The Guardian reports that the leaked files provide substance to Snowden’s claims that while working as an NSA contractor he “could “wiretap anyone, from you or your accountant, to a federal judge or even the president, if I had a personal email”.
He made those claims in a video interview in early June soon after he outed himself as the source of leaks about the NSA’s secret surveillance programmes.
Analysts can combine XKeyscore with data from other NSA systems to obtain “real-time” interception of a target’s internet activity, said the paper.
“XKeyscore provides the technological capability, if not the legal authority, to target even US persons for extensive electronic surveillance without a warrant,” said The Guardian‘s Glenn Greenwald.
They don’t even need to know who you are to track you down
According to the slides, spooks can query the system by name, telephone number, IP address and keywords as well as email address. Just searching by email address alone will not give a target’s full range of activities on the net, but a range of carefully selected queries are needed to prevent analysts being swamped with an unmanageable dump of information to sort through.
Spooks are advised to use metadata also stored in XKeyscore in order to narrow down their queries. Queries can be mixed and matched in order to try to pin down a group of suspects without even knowing targeting information, such as email addresses.
One example cited in the training document says that XKeyscore can be used to search for someone whose language is out of place in a region, or who is using encryption and “searching the web for suspicious stuff”. Another example states that XKeyscore is the only system that allows analysts to directly target traffic from “VPN startups in country X” to “give me the data so I can decrypt and discover the users”.

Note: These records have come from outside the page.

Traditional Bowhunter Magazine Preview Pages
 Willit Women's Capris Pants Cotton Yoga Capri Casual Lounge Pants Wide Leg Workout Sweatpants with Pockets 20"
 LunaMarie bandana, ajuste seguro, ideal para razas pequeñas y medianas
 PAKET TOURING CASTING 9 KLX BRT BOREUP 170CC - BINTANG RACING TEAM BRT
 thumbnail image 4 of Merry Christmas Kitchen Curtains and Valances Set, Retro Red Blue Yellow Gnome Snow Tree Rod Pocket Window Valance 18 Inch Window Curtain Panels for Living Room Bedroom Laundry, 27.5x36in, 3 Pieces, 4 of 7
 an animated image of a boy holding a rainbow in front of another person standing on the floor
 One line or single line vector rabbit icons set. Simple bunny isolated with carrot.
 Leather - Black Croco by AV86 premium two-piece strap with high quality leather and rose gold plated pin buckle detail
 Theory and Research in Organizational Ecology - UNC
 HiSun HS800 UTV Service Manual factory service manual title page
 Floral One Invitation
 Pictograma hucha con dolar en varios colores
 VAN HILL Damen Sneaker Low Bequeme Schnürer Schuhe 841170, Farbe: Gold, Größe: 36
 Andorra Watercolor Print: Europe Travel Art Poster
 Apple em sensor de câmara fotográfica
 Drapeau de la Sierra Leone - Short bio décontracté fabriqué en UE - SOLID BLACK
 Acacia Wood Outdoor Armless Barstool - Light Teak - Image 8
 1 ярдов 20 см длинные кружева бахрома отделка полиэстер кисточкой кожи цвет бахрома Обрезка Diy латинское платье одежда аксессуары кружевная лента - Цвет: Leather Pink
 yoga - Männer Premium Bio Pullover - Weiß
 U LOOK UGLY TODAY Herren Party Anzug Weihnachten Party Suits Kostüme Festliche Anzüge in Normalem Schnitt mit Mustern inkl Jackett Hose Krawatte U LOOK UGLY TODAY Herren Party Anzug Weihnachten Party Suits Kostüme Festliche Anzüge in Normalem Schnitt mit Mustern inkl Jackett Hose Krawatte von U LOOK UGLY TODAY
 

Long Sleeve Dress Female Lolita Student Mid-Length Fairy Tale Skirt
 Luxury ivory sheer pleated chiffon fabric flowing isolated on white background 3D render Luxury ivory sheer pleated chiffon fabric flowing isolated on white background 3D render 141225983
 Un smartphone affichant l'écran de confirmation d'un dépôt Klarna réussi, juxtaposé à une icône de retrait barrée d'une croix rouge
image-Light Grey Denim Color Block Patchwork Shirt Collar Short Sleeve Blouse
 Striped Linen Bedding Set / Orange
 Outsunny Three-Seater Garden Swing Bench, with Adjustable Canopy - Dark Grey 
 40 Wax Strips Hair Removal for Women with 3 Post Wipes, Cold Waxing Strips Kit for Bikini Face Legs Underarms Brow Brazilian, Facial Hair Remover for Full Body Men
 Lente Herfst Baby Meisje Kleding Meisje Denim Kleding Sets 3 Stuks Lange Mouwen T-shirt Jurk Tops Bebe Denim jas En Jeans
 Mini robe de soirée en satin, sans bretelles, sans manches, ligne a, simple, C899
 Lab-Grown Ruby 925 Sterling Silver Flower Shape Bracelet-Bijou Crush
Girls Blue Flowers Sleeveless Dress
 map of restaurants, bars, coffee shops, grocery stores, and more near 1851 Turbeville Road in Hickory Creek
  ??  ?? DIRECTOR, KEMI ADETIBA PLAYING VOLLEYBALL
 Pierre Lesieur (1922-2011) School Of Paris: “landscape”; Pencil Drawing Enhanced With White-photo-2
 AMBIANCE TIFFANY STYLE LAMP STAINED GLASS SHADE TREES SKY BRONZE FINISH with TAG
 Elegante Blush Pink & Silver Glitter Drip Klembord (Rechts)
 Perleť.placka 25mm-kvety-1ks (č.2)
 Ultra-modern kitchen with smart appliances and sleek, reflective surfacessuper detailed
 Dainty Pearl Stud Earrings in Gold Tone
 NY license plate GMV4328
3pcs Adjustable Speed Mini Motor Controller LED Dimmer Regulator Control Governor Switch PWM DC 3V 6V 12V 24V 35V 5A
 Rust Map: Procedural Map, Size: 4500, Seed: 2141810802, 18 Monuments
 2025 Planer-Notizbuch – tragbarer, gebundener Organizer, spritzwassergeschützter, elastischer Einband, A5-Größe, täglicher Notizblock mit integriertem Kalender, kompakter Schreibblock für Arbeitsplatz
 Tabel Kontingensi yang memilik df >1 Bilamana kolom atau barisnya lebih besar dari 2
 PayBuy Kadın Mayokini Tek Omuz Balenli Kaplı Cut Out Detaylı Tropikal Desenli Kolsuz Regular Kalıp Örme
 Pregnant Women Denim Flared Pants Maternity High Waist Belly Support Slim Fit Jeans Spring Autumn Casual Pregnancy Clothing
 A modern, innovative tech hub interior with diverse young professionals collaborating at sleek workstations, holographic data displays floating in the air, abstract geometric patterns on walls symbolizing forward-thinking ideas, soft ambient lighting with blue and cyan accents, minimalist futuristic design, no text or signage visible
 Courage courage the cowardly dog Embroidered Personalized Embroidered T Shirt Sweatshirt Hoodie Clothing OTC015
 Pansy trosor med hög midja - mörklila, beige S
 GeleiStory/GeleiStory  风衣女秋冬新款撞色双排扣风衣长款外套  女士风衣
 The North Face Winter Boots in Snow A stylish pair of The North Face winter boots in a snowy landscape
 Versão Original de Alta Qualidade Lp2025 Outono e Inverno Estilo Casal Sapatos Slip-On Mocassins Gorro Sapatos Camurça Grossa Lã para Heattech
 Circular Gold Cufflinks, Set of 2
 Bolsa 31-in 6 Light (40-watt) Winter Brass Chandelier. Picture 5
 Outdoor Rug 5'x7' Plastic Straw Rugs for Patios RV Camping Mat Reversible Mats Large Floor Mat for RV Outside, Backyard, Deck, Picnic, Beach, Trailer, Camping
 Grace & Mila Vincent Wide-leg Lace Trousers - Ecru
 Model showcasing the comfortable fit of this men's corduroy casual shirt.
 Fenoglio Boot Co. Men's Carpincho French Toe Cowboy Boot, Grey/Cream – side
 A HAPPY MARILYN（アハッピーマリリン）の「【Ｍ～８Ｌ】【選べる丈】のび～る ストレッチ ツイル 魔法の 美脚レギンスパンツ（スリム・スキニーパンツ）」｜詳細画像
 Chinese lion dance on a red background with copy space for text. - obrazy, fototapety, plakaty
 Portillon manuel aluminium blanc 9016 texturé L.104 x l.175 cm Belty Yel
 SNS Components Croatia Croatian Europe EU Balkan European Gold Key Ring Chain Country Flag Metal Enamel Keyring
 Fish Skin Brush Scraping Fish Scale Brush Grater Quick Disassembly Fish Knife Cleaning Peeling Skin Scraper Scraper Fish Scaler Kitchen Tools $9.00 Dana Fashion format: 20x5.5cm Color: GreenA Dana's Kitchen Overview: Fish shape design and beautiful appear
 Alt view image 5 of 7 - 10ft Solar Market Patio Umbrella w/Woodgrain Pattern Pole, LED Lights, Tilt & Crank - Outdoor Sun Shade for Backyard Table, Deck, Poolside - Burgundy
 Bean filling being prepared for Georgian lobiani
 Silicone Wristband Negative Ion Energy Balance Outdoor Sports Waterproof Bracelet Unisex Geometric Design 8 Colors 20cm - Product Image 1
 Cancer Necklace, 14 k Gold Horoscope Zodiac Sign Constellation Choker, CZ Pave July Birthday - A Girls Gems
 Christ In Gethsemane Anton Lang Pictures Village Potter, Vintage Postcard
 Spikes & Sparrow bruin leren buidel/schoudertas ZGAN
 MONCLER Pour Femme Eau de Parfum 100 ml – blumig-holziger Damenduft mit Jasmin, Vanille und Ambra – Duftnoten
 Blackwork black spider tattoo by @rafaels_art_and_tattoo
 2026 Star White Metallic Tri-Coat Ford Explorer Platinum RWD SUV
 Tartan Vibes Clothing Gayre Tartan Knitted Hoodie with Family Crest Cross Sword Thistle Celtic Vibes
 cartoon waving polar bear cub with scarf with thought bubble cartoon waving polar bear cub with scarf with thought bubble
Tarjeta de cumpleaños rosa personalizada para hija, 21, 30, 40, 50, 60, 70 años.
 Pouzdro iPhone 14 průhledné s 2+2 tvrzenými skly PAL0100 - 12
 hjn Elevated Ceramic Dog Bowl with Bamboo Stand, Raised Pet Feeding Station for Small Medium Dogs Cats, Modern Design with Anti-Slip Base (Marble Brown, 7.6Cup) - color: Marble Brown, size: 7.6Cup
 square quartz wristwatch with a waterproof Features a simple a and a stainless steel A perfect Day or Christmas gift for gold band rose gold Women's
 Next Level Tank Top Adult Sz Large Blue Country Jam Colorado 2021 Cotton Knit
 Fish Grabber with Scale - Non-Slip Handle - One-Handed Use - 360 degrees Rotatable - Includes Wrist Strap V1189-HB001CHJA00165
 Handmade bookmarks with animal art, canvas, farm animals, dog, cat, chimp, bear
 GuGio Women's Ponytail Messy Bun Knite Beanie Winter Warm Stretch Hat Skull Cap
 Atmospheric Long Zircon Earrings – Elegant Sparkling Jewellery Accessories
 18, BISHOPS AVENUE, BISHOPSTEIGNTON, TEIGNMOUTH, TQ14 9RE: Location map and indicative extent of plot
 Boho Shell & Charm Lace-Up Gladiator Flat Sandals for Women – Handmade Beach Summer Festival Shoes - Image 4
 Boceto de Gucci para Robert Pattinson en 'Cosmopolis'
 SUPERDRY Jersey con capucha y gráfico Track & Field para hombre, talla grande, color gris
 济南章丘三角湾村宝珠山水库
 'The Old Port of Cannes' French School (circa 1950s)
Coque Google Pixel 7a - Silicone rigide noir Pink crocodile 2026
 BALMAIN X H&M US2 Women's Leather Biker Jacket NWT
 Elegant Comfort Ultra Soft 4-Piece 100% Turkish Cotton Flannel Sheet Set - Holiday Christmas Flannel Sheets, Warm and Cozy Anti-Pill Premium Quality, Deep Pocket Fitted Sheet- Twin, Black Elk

“No other system performs this on raw unselected bulk traffic,” the 2008 vintage training manual (marked “Top Secret” and apparently shared only with the NSA’s peers in the UK, Australia, Canada and New Zealand) explains.
XKeyscore also provides a means to index exploitable computers in a specified country, as well as a way of obtaining the email address of persons of interest using Google Earth.
One leaked document describes how the program “searches within bodies of emails, webpages and documents”, including the “To, From, CC, BCC lines” and the ‘Contact Us’ pages on websites”. XKeyscore also also allows analysts to pull together logs of the IP addresses of visitors to specified websites.
An NSA tool called DNI Presenter is used to read the content of harvested emails. The same tool enables analysts to read the content of Facebook private messages.
Content remains on the system for only three to five days, while metadata is stored for 30 days. One leaked document states: “At some sites, the amount of data we receive per day (20+ terabytes) can only be stored for as little as 24 hours.”
However, NSA systems allow flagged data on Xkeyscore to be moved onto other databases such as Pinwale, where material can be stored for for up to five years.
Despite the short shelf life of data stored on XKeyscore in one month last year, the system collected at least 41 billion total records.
NSA training manuals state that 300 terrorists have been captured using intelligence from XKeyscore before 2008, a claim that will doubtless be used to justify the program and criticise its exposure.
In a statement to The Guardian, the NSA said: “NSA’s activities are focused and specifically deployed against – and only against – legitimate foreign intelligence targets in response to requirements that our leaders need for information necessary to protect our nation and its interests.